When the people of the Wari Empire (predecessors of the Inca) abandoned the southern Andes around 1100 CE, they made sure nobody else could enjoy their former home by destroying the brewery that, for 400 years, had provided for lavish festivals held at the provincial center of Cerro Baúl.
“They intentionally and deliberately destroyed the site so that it couldn’t be used by successor societies when they left,” Field Museum Associate Curator & Professor of Anthropology Ryan Williams told Ars Technica. “The brewery itself was burned down at the end, and a great feast accompanied that burning, in which the special ceramic vessels from which the local lords would have been served were smashed into the burning flames.”

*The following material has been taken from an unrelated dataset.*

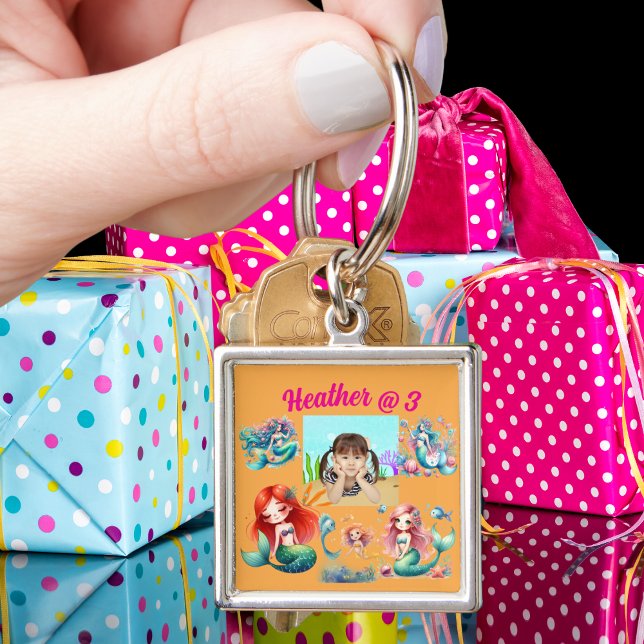 Llavero Foto de Sirena Favor de Cumpleaños Personalizado d (Subido por el creador)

The smashed pots that were left behind, however, contained clues to the ancient beer recipe that once held an empire together.
Lasers and broken pottery
The fermented drink called chicha is still an important part of social life in the Andes, but a thousand years ago, it lubricated the very machinery of empire. Feasts at provincial centers like Cerro Baúl helped the Wari hold together an empire that spanned over 1,300km (808 mils) along the Andes Mountains. Members of the social and political elite from neighboring provinces (and, according to the different styles of some of the ceremonial drinking mugs at Cerro Baúl, sometimes from far away, too) converged on the mountaintop settlement to bring tribute to the imperial government, feast on llama and seafood, and drink chicha.
The drinking wasn’t just a social lubricant: drinking toasts to visitors and deities was an important part of the ritual. Williams, University of North Carolina Greensboro Associate Professor of Anthropology Donna Nash, and their colleagues say they hope to better understand the big picture of how the Wari maintained unity across an empire linked only by pedestrian traffic across the mountains.

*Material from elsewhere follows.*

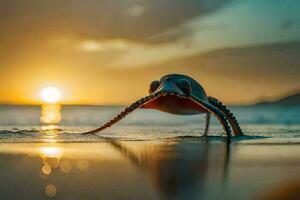 une petit poulpe est en marchant sur le plage à le coucher du soleil. généré par ai photo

One piece of that puzzle, Prof. Williams told Ars, is the small-scale process of making chicha for state feasts. To understand it, the archaeologists analyzed broken pots from Cerro Baúl’s brewery using laser ablation mass spectrometry (proper scientific jargon for very carefully shooting the potsherds with lasers and measuring what pops loose). “The laser drills a very small—almost invisible to the naked eye—hole in the ceramic vessel, which creates a small dust, and it’s carried on this aerosol into a mass spectrometer,” explained Williams.